Turns out purity balls are not so much erectile dysfunction pills as they are excuses to fluff your little girls into poofy gowns, excuses to slip on their patent leathers, excuses to get your husband's tux steamed. Purity balls are really father-daughter dances for the Christian crowd. Girls wear miniature wedding dresses and sign purity pledges. No way, no how are they going to lose their virginities. Nuh-uh. These little girls don't care how cute Tommy McMurray is going to look after the homecoming game junior year. They don't care that they'll say, Okay, Tommy when Tommy says, "Let's go for a ride, you and me." They don't care that he'll put a blanket on the hood of the car and kiss them under the stars until they're so dizzy they can't tell where their bodies leave off and the night sky begins.

The teaser video showed a beautiful blond girl tippy in heeled shoes. Her golden curls cascaded down her back, bounced against the milky fabric of her white ball gown. "I made a promise to God," she said. She beamed. "I'm going to stay pure until my wedding night. My daddy's here to sign a promise to protect me and be a good male role model." And there was dear old dad: towering above his daughter, yanking on his bow tie, looking nervous about all that.

Ick, I thought to myself. Ick, ick, ick.

I tried to picture myself in one of those little-girl-dresses. I tried to picture myself flouncing around with a new purse and a new hairdo. I tried to picture myself telling my father I was so happy he was there to celebrate my virginity with me. We'd get to take our pictures in front of the purity backdrop: a swirly blue background with a wooden cross looming behind us. We'd eat mashed potatoes and carved ham from the buffet station. We'd dance to Frank Sinatra songs sung by a sweaty wedding singer wearing too much spandex. I pictured discussing the significance of the event with my father--which would mean, really, I'd be discussing sex with the man who still makes me uncomfortable if he's sitting in the same room as me when a love scene comes on. I'd be discussing it at twelve years old. Ick.

I'd like to think I would've been a savvier little girl than the ones who get cajoled into going to these purity balls. After all, when we were in high school and my friends were saying I'm not having sex until after I walk down the aisle or Blowjobs are gross, and I'll never give one or On top? Gross. I'll never be on top, I was the one saying, "Well, I'm pretty sure I'm going to give all those things a go, so good luck to you."

Even before I'd been touched by a boy, even before I'd been looked at by a boy in a way that didn't involve revulsion, I still knew things were coming, they were just around the corner, and boy were they going to be good. I'd done my tour of Sunday school. I'd promised to remain faithful and shining and golden for the Lord. I'd let priests smear ash on my head. I'd let them dash me with holy water. I'd gone through everything I was supposed to, but I could still feel reality nagging at me like a canker sore in the farthest, most unreachable part of my mouth. It was an itch that didn't go away.

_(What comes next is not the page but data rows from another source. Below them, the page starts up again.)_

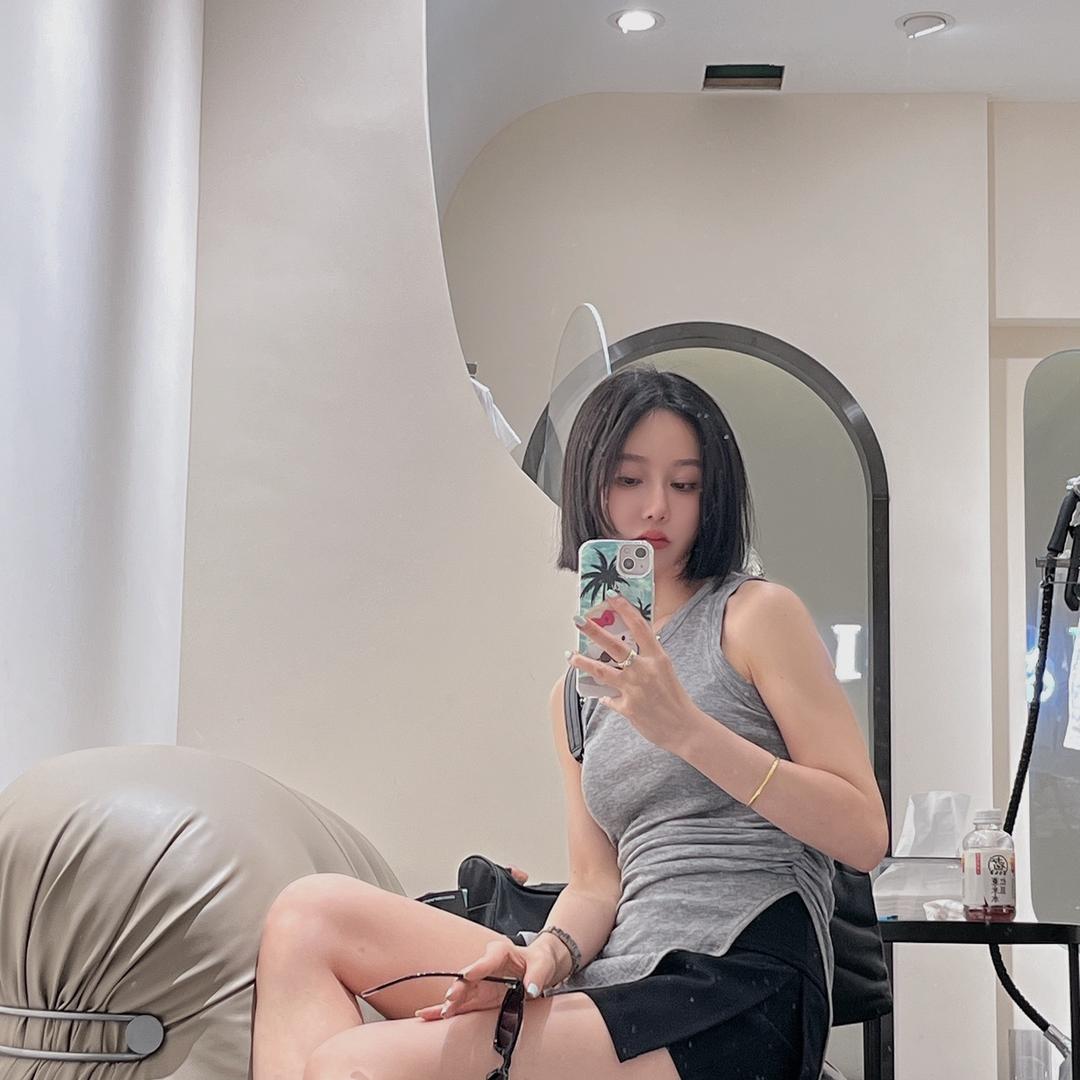 西安瑞瑞设计师潮牌服装店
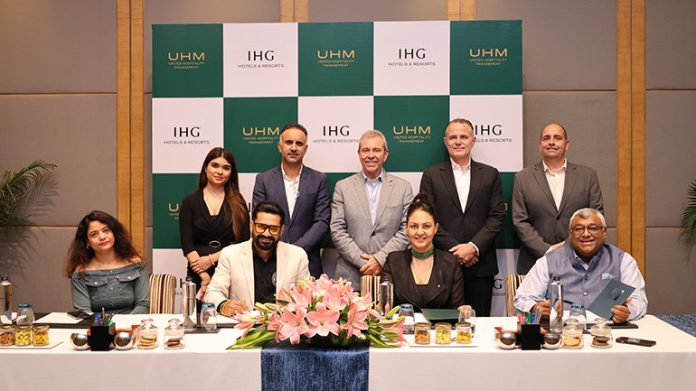 Cérémonie de signature Garner @ credit IHG
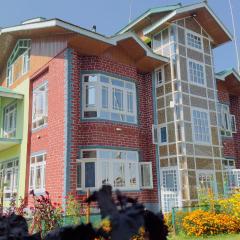 Oak Heaven Cottage Gulmarg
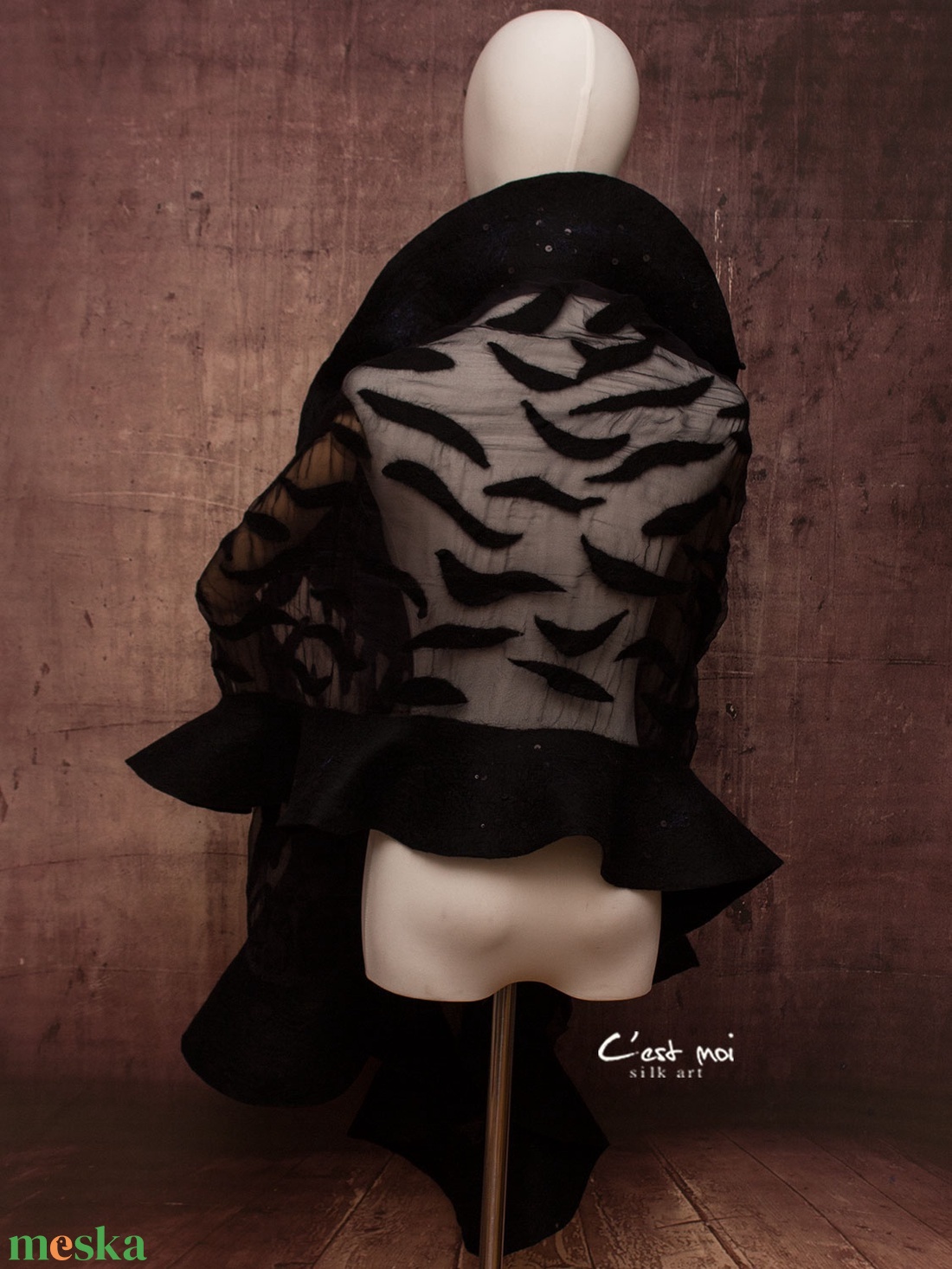 Fekete selyemre muszlinra nemezelt gyapjú stóla ,különleges  alkalomra - ruha & divat - sál, sapka, kendő - sál - Meska.hu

So I'd like to think I would've been the little girl who would've sat her father down on the bed, put his fancy bow tie away, and told him it was okay, we didn't need to go to the ball, didn't need to make promises we couldn't and wouldn't keep. I'd like to think I would've been the little girl who would tell him there were mistakes to be made, and it was okay. Things would go wrong and I would make the wrong decisions, but all of that--all my mistakes--would be okay. They'd be stupid beautiful mistakes, and they would spin me into the stars, clear up into the chalky mist of the Milky Way, and really, that wasn't such an awful place to be.

But I would've told him we were keeping the dress.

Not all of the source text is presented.